--- START ---

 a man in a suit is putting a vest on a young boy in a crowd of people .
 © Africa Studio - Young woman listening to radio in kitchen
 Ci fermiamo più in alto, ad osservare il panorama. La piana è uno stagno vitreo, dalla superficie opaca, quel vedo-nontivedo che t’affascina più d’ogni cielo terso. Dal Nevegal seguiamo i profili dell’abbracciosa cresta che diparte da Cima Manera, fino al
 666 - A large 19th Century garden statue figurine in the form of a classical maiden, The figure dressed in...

--- END ---
--- START ---

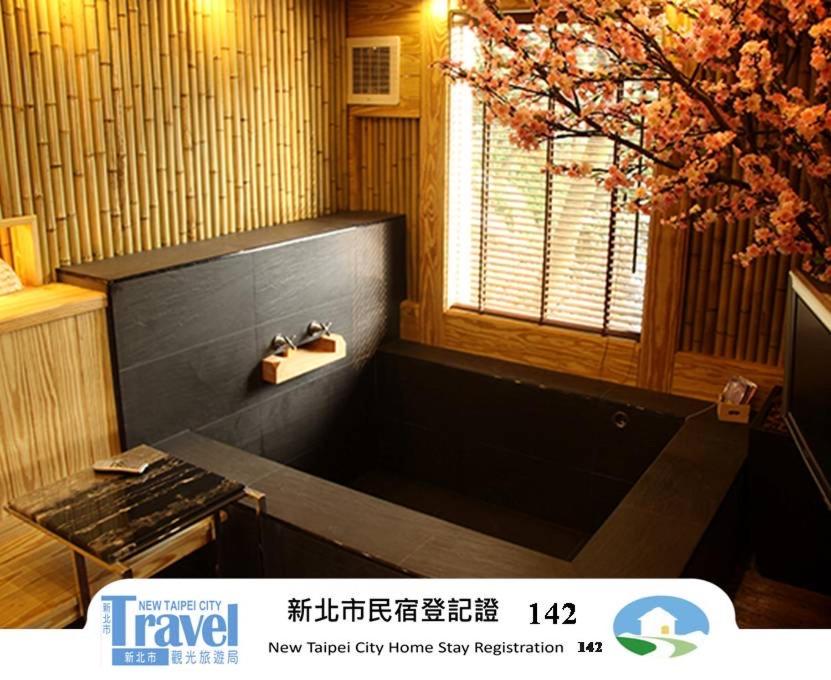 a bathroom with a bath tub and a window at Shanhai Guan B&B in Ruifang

--- END ---

What you should do – Write out exactly the lines that fall from the line with "radio in kitchen" to the line with "666 - A large" in the records above, keeping both ends.

Answer –
 © Africa Studio - Young woman listening to radio in kitchen
 Ci fermiamo più in alto, ad osservare il panorama. La piana è uno stagno vitreo, dalla superficie opaca, quel vedo-nontivedo che t’affascina più d’ogni cielo terso. Dal Nevegal seguiamo i profili dell’abbracciosa cresta che diparte da Cima Manera, fino al
 666 - A large 19th Century garden statue figurine in the form of a classical maiden, The figure dressed in...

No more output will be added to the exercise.